The problem states that the numbers increased by different fractions. The new number of fiction books increased by 1/4, while the new number of non-fiction books increased by 2/3.
So, the new number of fiction books after the increase will be "(x + 500) + 1/4(x + 500)", which simplifies to "5/4(x + 500)".
Similarly, the new number of non-fiction books after the increase will be "x + 2/3x", which simplifies to "5/3x".
According to the problem, the total number of books in the bookshop after the increase is 3145. So, we can set up an equation:
(5/4(x + 500)) + (5/3x) = 3145
Let's solve this equation step by step:
First, let's get rid of the fractions by multiplying all terms by 12 (the least common multiple of 4 and 3):
12[(5/4(x + 500)) + (5/3x)] = 12 * 3145
Simplifying this equation gives us:
15(x + 500) + 20x = 12 * 3145
Expanding the brackets further:
15x + 7500 + 20x = 12 * 3145
Combining like terms:
35x + 7500 = 12 * 3145
Now, let's simplify the right side:
35x + 7500 = 37740
Moving 7500 to the right side:
35x = 37740 - 7500
35x = 30240
Dividing both sides by 35:
x = 30240 / 35
x = 864
Therefore, the initial number of non-fiction books was 864.
Now, we can find the number of non-fiction books after the increase:
New number of non-fiction books = x + 2/3x = 864 + 2/3 * 864
Calculating this gives us:
New number of non-fiction books = 864 + 2/3 * 864
New number of non-fiction books = 864 + 2/3 * 864
New number of non-fiction books = 864 + 576
New number of non-fiction books = 1440
So, after the increase, there were 1440 non-fiction books in the bookshop.
To solve this problem, we can set up a system of equations.
Let's represent the number of non-fiction books as "x", and the number of fiction books as "x + 500" since there were 500 more fiction books.
After the increase, the number of fiction books increased by 1/4, which means there is an additional 1/4 of (x + 500) fiction books.

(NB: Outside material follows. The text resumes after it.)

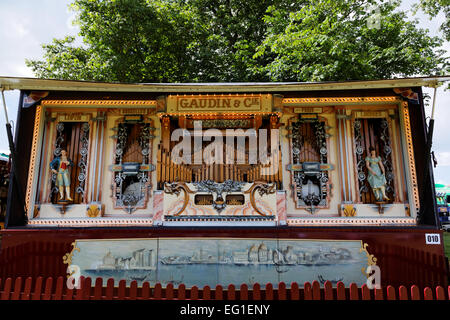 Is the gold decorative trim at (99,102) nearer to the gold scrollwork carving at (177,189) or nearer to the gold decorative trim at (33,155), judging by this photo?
the gold decorative trim at (33,155)

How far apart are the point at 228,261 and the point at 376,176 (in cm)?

Therefore, the new number of fiction books is (x + 500) + 1/4(x + 500).
Similarly, the number of non-fiction books increased by 2/3, which means there is an additional 2/3 of x non-fiction books. Therefore, the new number of non-fiction books is x + 2/3 * x.
We can add up the number of fiction and non-fiction books, and set it equal to the total number of books:
[(x + 500) + 1/4(x + 500)] + [x + 2/3 * x] = 3145
Now, we can solve this equation to find the value of x, which represents the number of non-fiction books after the increase.